The local reporters learned that twenty-two mourners had gathered on Saturday under a canopy on a snowy hill in Kensico Cemetery at Valhalla, New York. The Reverend John Walter Houck, of Pilgrim Presbyterian Church in New York City, had conducted a three-minute service, after which Elva was laid to rest near her hotel magnate father in the Statler family plot. Brad Davidson’s brother, Richard P
orter Davidson, had been there, along with Richard’s wife, Betty, and Elva’s stepmother, Alice Statler.
“My wife’s unfortunate death was purely accidental,” Brad Davidson told journalists besieging him at the chapel. “I have nothing to say except that I am satisfied that when the investigation is completed, the authorities will announce that finding.”
After returning that Sunday from burying his wife, Brad did two things that the prosecutors would make much of: he played a round of golf, and he invited his close circle of friends over for cocktails, including several who would be called as witnesses in the public inquest starting Tuesday. He seemed to see nothing improper in either activity.
“Baked in sun all day,” Hemmie Tufts wrote in her diary. “Glorious hot day…Brad for drinks. Looks awful.”
The assembled reporters, with a little time on their hands, took advantage of Sunday’s lull to bone up on Pinehurst, gathering background and local color for their coming stories. Several wrote sidebars about this peculiar little rural paradise in which they found themselves cooling their heels.

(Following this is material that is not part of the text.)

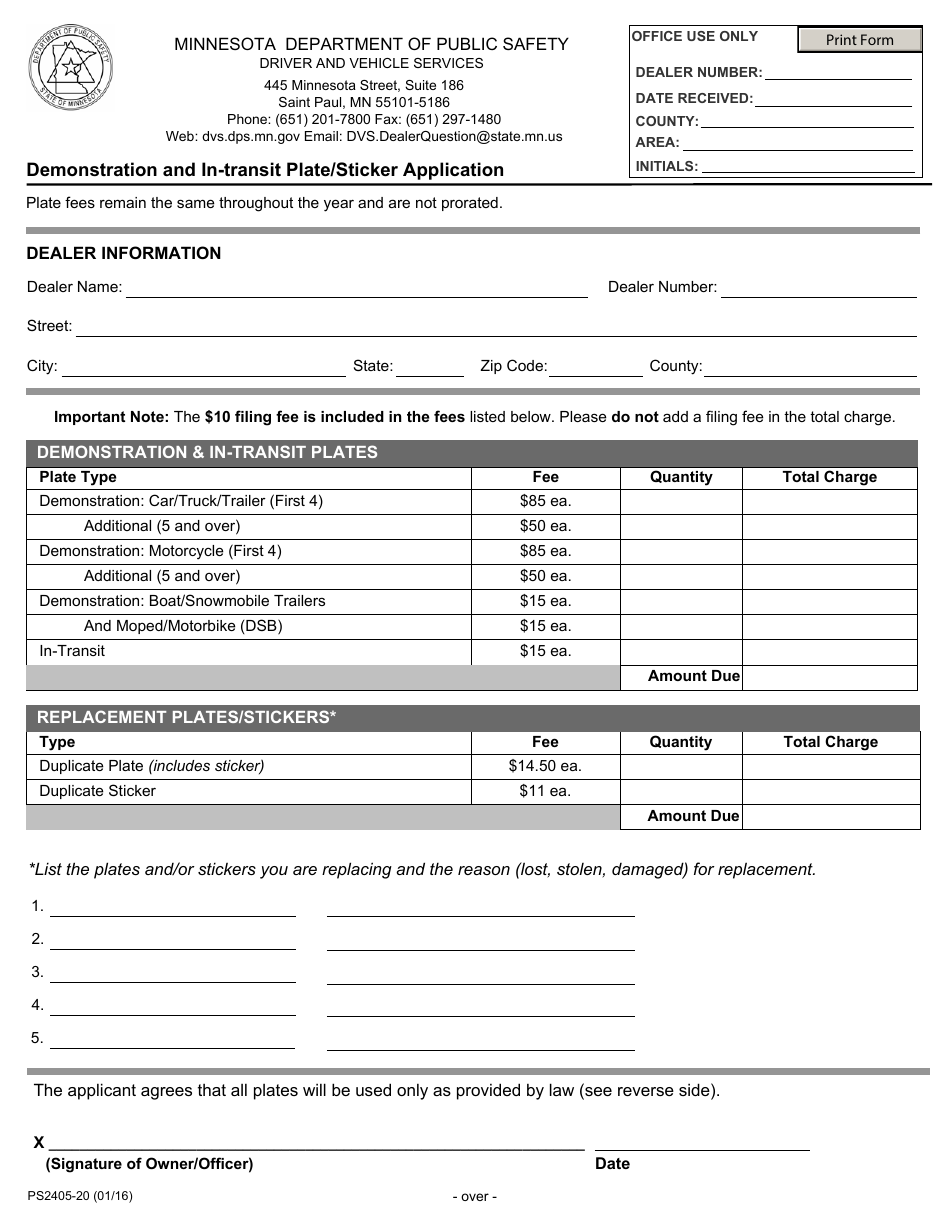 Form PS2405-20 Demonstration and in-Transit Plate / Sticker Application - Minnesota, Page 1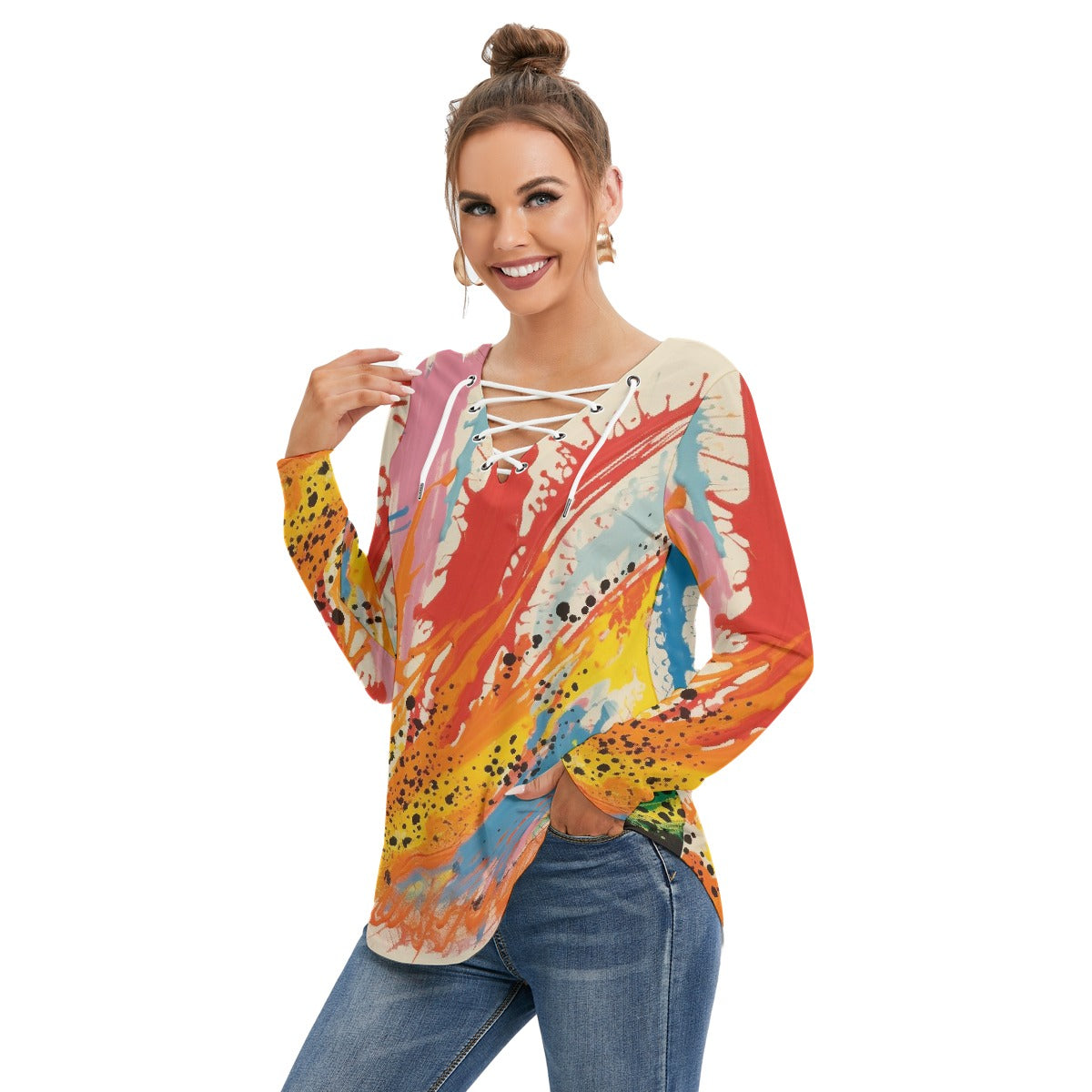 All-Over Print Women's Long Sleeve Neckline Tie Sweatshirt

Pinehurst itself, located low on North Carolina’s long underbelly and halfway between the Blue Ridge Mountains and the Atlantic Ocean, was lush with exotic vegetation. But the newsmen knew from looking out their train windows on the way in that the village amounted to a green oasis in a depressing, poverty-stricken sea of grit and spindly second-growth trees. This was the bedraggled Carolina Sandhills, the plight of whose inhabitants had been made all the worse by the ravages of the Great Depression.